Im Asset Life Cycle denken
Nutzenorientierte Geschäftsmodelle auf Basis digitaler Technologien
„Mir macht es Spaß, mein Wissen in die Unternehmensentwicklung einzubringen, zumal der Markt im Augenblich sehr dynamisch ist.“
CHEManager: Herr Otten, nach ihrem Ausscheiden bei Evonik sind Sie seit Dezember 2019 Beirat der TTP Group mit den operativen Marken Pharmaplan und Triplan. Was hat Sie zu diesem Schritt bewogen?
Wilhelm Otten: Ich habe beschlossen, mit Anfang 60 noch nicht „in Rente zu gehen“, dafür macht mir die Arbeit bei den aktuellen Entwicklungen noch viel zu viel Spaß. Nach meinem Ausscheiden aus der Evonik habe ich verschiedene Aktivitäten gestartet, unter anderem eine Beratung gegründet und eine Lehrtätigkeit angenommen. In die Entwicklung der TTP Group kann ich meine Kenntnisse des Engineering-Geschäfts aus verschiedenen Blickwinkeln einbringen: als Projektingenieur, als Kunde von Engineering-Unternehmen, als Leiter eines am Markt tätigen Servicebereiches der Evonik mit einem Schwerpunkt in der betriebsnahen Projektabwicklung und nicht zuletzt als Verantwortlicher für die weltweite Verfahrensentwicklung und Engineering mit Großprojekten mit mehreren hundert Millionen Euro Investitionssumme.
Was macht den Markt ihrer Meinung nach im Augenblick so dynamisch?
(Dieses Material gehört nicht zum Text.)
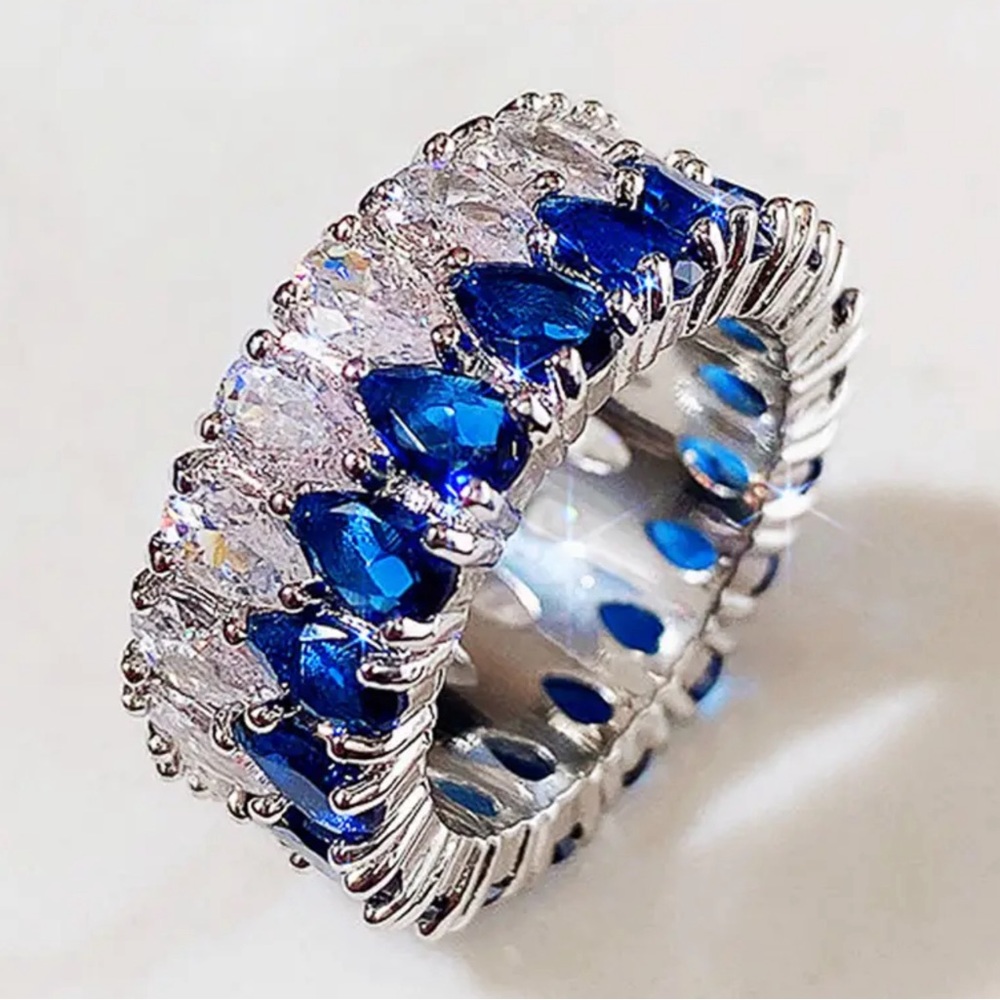 Beautiful Sapphire Diamond Double Row Ring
W. Otten: Die besondere Dynamik kommt aus den großen technologischen Entwicklungen in der Prozessindustrie. Gerade ist Digitalisierung ein Mega-Thema, deshalb sehe ich generell als auch für uns als Engineering-Dienstleister ganz speziell zwei relevante Bereiche: Da ist zum einen das Datenmanagement entlang des Produkt- und Anlagenlebenszyklus, das „Integrated Engineering“, und zum anderen die vertikale Integration in der Produktion, das heißt, das durchgängige Datenmanagement von der Feldebene mit ihren Aktoren und Sensoren bis in die ERP-Systeme. Die Umsetzung dieser digitalen Transformation verlangt ein gutes Verständnis der Geschäftsprozesse und deren Informationen, IT/OT-Know-how und Fähigkeiten des Change-Managements. Denn nicht nur die Technik ändert sich, auch die Prozesse, Rollen und Aufgaben der Mitarbeiter. Die Erfahrung in diesen Bereichen bringe ich aus meinen Projekten und meiner Verbandstätigkeit ein, etwa als NAMUR-Vorsitzender, Mitglied von DEXPI/JIP36 oder dem VDI.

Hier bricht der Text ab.